夏目房之介著『起業人』を読んだ。「成功するには理由がある!」なんてあおり文句が副題みたいについていて、某IT系の雑誌に載ったIT起業家へのインタビューをまとめたものとのこと。意外な出会いが呼ぶ意外なエピソード満載の一冊だった。

起業人―成功するには理由がある! (メディアセレクト)

起業人―成功するには理由がある! (メディアセレクト)

マンガ批評家とIT企業家というのは意外な組み合わせだなあと思い、ただいま失業中・休職中・人生見直し中・毎日が日曜日中の私としては、何か役に立つ本かとか思って手に取った。楽しく読了。

企業家の人柄だとか、人生のライトモチーフみたいなものを引き出さないと俺が取材する意味が無い、という夏目房之介のライターとしての意地が前面に押し出されていて単なるビジネス書に堕してはいない。
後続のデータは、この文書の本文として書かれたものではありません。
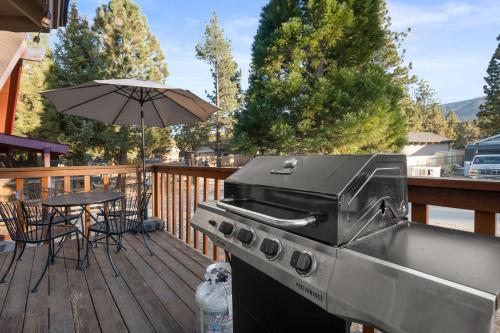 Cozy Cabin - Quiet Area, Fireplace, Smart TV, Fenced Yard in Big Bear City, USA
それが逆に、夏目房之介の仕事観をダイレクトに見せてくれる。

読み終えてから総論的な「まえがき」を読み返すとこの本がどういう本なのかさらに良くわかる。

本書に登場する起業人はそもそも類型化の枠に入りきらないし、その多様性にこそ意味も価値もある(p.10)

バリ島の研究者が起業するなんて人生がありえるのかと驚いたし(関信彦)、内定決まったから欧州旅行してたら会社の研修を受けそびれて別会社に就職、それが今の起業につながる(三野明洋)という話には笑ったし、神社の地下にオフィスを設けているなんて秘密基地みたいな会社があったのか(レスキューナウ)と唖然とした。

夏目さんは、ビジネス書として教訓を求めて読もうとする読者にも配慮しながら、それぞれの起業家の人となりは千差万別であることに注意を促している。マニュアルではない本の生かし方を見つけ出して欲しいという暖かい配慮だ。

「まえがき」を結ぶに当って夏目さんは「異文化衝突」がもたらすダイナミズムをベンチャー企業が社会にもたらす価値としてまとめようとしている。そういった視点が、夏目さんのなかでは、世界に広がるコミックの世界のダイナミズムとも通じるものとして見えているみたいだ。

しっかり(ちゃっかり?)取材の成果を本業にもフィードバックさせているあたり、夏目さんの「起業人」的な人となりが見えてくる。そのあたりも、夏目さんの本の中ではユニークな一冊になっているんではないかと思う(私は夏目さんの本を網羅的に読んでるわけではないですが。)


雑誌連載のフォロー記事がWebの記事として掲載されているよう。もっとちゃんと全部まとめて見られるようにしておいたらいいのに。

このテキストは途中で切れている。